TASK INPUT:
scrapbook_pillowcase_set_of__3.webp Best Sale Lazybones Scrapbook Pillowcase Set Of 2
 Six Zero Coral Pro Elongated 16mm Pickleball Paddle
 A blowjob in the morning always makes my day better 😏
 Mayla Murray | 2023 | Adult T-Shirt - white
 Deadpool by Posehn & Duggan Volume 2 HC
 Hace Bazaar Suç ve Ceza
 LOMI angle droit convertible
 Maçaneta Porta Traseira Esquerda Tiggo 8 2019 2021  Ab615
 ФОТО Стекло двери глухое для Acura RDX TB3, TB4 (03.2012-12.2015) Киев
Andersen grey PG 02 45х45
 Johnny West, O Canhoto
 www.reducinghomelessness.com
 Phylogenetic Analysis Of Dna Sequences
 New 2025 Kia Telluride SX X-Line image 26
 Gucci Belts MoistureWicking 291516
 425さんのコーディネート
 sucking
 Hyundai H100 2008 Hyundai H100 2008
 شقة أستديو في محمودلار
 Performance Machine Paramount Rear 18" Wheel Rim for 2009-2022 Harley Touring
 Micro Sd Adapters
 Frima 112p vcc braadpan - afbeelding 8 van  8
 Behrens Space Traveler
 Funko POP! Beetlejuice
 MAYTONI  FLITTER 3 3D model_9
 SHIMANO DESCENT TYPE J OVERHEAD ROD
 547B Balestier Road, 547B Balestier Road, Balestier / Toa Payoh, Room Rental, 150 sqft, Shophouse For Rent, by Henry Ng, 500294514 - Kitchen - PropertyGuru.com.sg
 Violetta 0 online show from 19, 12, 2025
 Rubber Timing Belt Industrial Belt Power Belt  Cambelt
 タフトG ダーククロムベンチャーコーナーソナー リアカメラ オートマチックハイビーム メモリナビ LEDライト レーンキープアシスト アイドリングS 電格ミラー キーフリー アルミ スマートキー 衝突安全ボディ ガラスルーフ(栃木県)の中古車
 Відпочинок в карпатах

WHAT TO DO: Retype, exactly and only, the lines running from the one with "3 3D model_9" through the final line of the listing above.

TASK OUTPUT:
 MAYTONI  FLITTER 3 3D model_9
 SHIMANO DESCENT TYPE J OVERHEAD ROD
 547B Balestier Road, 547B Balestier Road, Balestier / Toa Payoh, Room Rental, 150 sqft, Shophouse For Rent, by Henry Ng, 500294514 - Kitchen - PropertyGuru.com.sg
 Violetta 0 online show from 19, 12, 2025
 Rubber Timing Belt Industrial Belt Power Belt  Cambelt
 タフトG ダーククロムベンチャーコーナーソナー リアカメラ オートマチックハイビーム メモリナビ LEDライト レーンキープアシスト アイドリングS 電格ミラー キーフリー アルミ スマートキー 衝突安全ボディ ガラスルーフ(栃木県)の中古車
 Відпочинок в карпатах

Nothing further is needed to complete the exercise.